Ethiopia has grand ambitions for its tiny auto industry, seeking to transform a handful of assemblers that bolt together imported kits into a network of factories that can make the country Africa’s biggest car manufacturer over the next two decades. It is part of a vision to turn a nation that is among the poorest in Africa into an industrial centre that no longer relies on fickle weather patterns that periodically devastate the agrarian economy and leave its people hungry. Plans are taking shape in industrial zones around Addis Ababa and the northern city of Mekelle, where Ethiopian firms and Chinese partners assemble the vehicle kits. Ethiopia produces about 8,000 commercial and other vehicles a year for the home market, about a quarter of which are cars.
But executives say they have capacity to make more if they could obtain extra foreign exchange to import kits in greater numbers. The nation imported more than 38,000 assembled cars in 2015, a more than 50 percent increase on 2014. “There is a lot of potential for growth,” said Ma Qun, deputy manager of China’s Lifan auto group in Ethiopia, which has the capacity to assemble 5,000 cars a year but whose output is less than a fifth of that. “We want to start exporting from Ethiopia by 2018, or a year later,” he said. For now, Ethiopia is a minnow in African terms. South Africa and Morocco are involved in the full manufacture of vehicles annually making more than 600,000 and 200,000, respectively. Egypt, Sudan and Kenya also assemble vehicles.

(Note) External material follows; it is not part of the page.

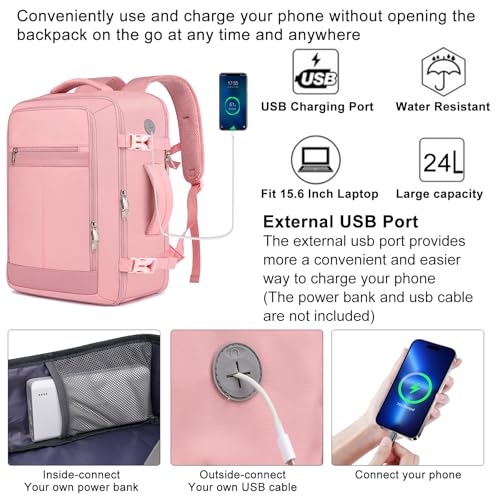 Image of Carry On Backpack for Women,Travel Backpack Flight Approved,Underseat Personal Item Travel Bag With Shoe Compartment, TSA 15.6 inch Laptop Back Pack Casual Daypack for College Weekender Business,Pink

The scale of the challenge is formidable. South Africa boasts a big domestic market to drive the industry with annual per capita income of $6,800 compared to Ethiopia’s meagre $550, according to World Bank data for 2014. Morocco, with annnual per capita income of about $3,070, lies only a short distance across the water from the huge European market. Assemblers in Ethiopia, which put together Chinese brands Geely, FAW and BYD as well as Lifan, face other hurdles, notably in obtaining dollars to import kits given the nation’s scant currency reserves.

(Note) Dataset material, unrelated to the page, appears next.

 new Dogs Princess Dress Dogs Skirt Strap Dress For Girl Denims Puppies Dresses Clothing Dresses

They are also battling to reassure consumers about quality. But Ethiopia has delivered on ambitious targets before, boasting one of Africa’s fastest growing economies for more than a decade. New dams have turned the country into an electricity exporter and it has a rapidly expanding transport network. “The aim is to become a leading manufacturing hub in Africa,” State Minister for Industry Tadesse Haile told Reuters.
“We want to become the top producer of cars on the continent in 15 or 20 years.” This year, an electrified railway will link the land-locked nation of 97 million people to Djibouti port where the Red Sea meets the Indian Ocean, providing a cheap and fast way to import raw materials and export finished goods. NEW FLEET China, which has become a close development partner for a nation whose state-led economic model has closely mirrored the Chinese approach, is building the railway. Chinese car firms are now at the centre of Ethiopia’s vehicle manufacturing plans.
An executive at one Ethiopian manufacturer said Chinese car kits were cheaper than those from rivals, such as in Japan. “They are helping us in marketing,” he added, asking not to be identified. Ethiopia desperately needs a new fleet of cars. The streets of Addis Ababa are filled with dilapidated vehicles. Some of the ubiquitous blue and white taxis are rattling Soviet-era Ladas built in the 1980s. Many of its imports are used vehicles.